U of C jumps to tie for eighth in latest U.S. News ranking

MIT, Caltech, Stanford, and a handful of Ivies: That’s all that stands between the University of Chicago and the pinnacle of the academic world.

By Tyler Warner

MIT, Caltech, Stanford, and a handful of Ivies: That’s all that stands between the University of Chicago and the pinnacle of the academic world.

At least according to the 2009 U.S. News and World Report college rankings. The U of C again climbed the rankings this year, landing at number eight.

Elsewhere in the top 10, Harvard jumped past Princeton to regain the top spot. Yale, MIT, and Stanford round out the top five. Northwestern is tied with Washington University at St. Louis for 12th.

Ranked ninth last year, the U of C continues to reverse a trend that saw the school drop to 15th in 2006. That fall drew criticism from many students and alumni and left administrators scrambling to make better sense of the rankings.

“We did not make satisfactory progress until I scheduled a time for Dean Boyer, Steve Gabel from the provost’s office, and me to visit the U.S. News people in D.C.,” Michael Behnke, dean of College enrollment, said in an e-mail.

That trip proved fruitful as administrators discovered instances of misreporting that had contributed to the decline. This finding led directly to the jump in rankings in 2007, Behnke said.

Despite administrators’ efforts, Behnke said that rankings play only a small role in University policy. He mentioned, though, the effort to cap core class size at 19 students, the level at which U.S. News and World Report defines a small class. He added that smaller class sizes are better for students regardless of college rankings.

“I don’t see any trade-offs because we have not really changed anything we actually do,” he said. “If we do manage to cap core classes at 19, I will have no difficulty defending that as a good thing to do.”
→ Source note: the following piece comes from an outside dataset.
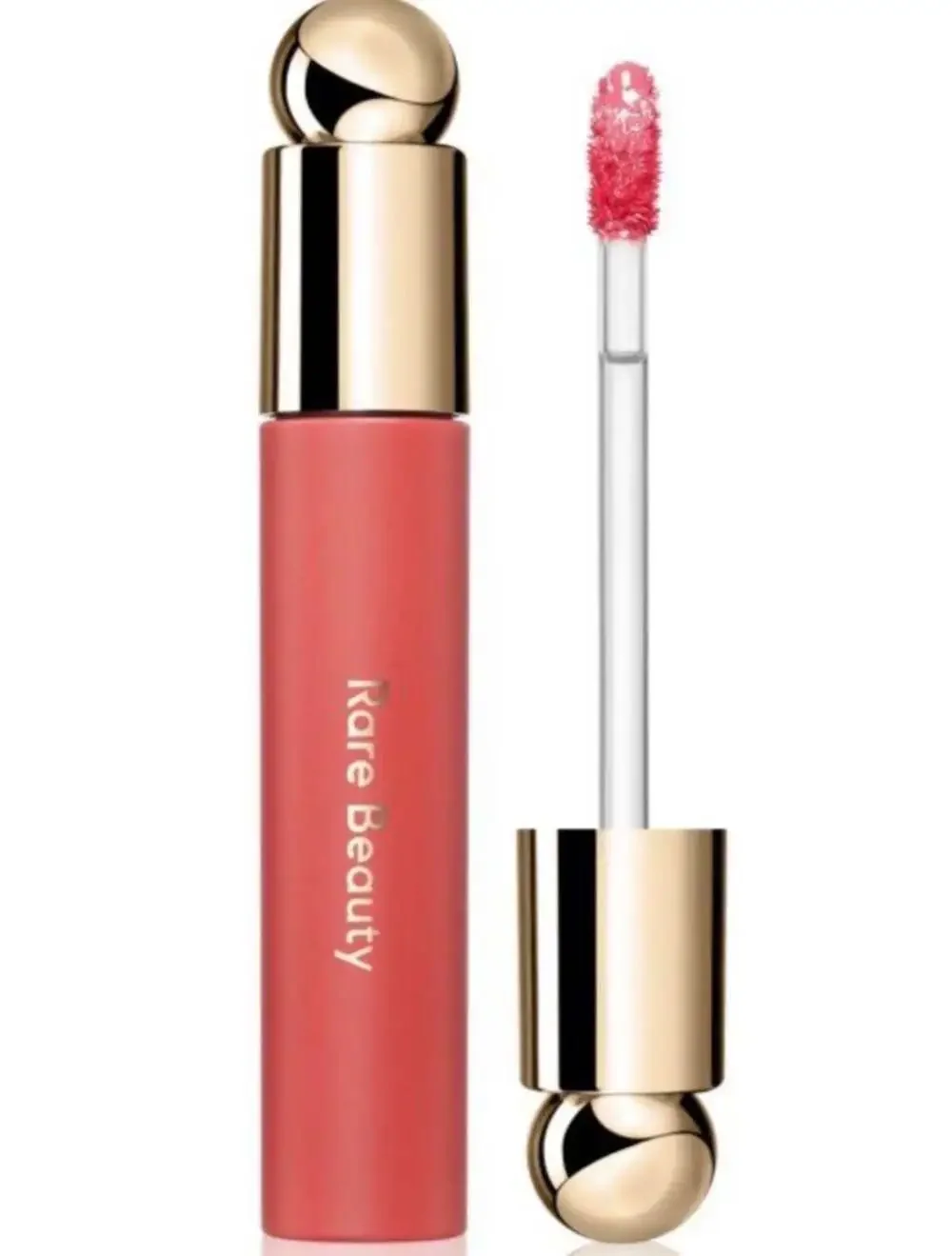 Rare Beauty Soft Pinch Tinted Lip Oil - Happy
The U.S. News and World Report rankings are based on reviews by peer educators, student retention, faculty resources, financial assets, and selectivity.

For many students, the higher ranking is welcome news, but there remains a level of trepidation over what is perceived as administrators’ mounting concern for prestige. This was apparent two years ago when the University announced its switch to the Common Application, a measure that struck some as targeted at shrinking the school’s selectivity rating. Students protested, creating a Facebook group and sporting T-shirts that read “I am Uncommon.”

Dean of Admission Ted O’Neill strongly refutes that allegation. No fan of the rankings himself, O’Neill said that the move to the Common Application was considered strictly as a means of increasing the accessibility of the University for prospective students.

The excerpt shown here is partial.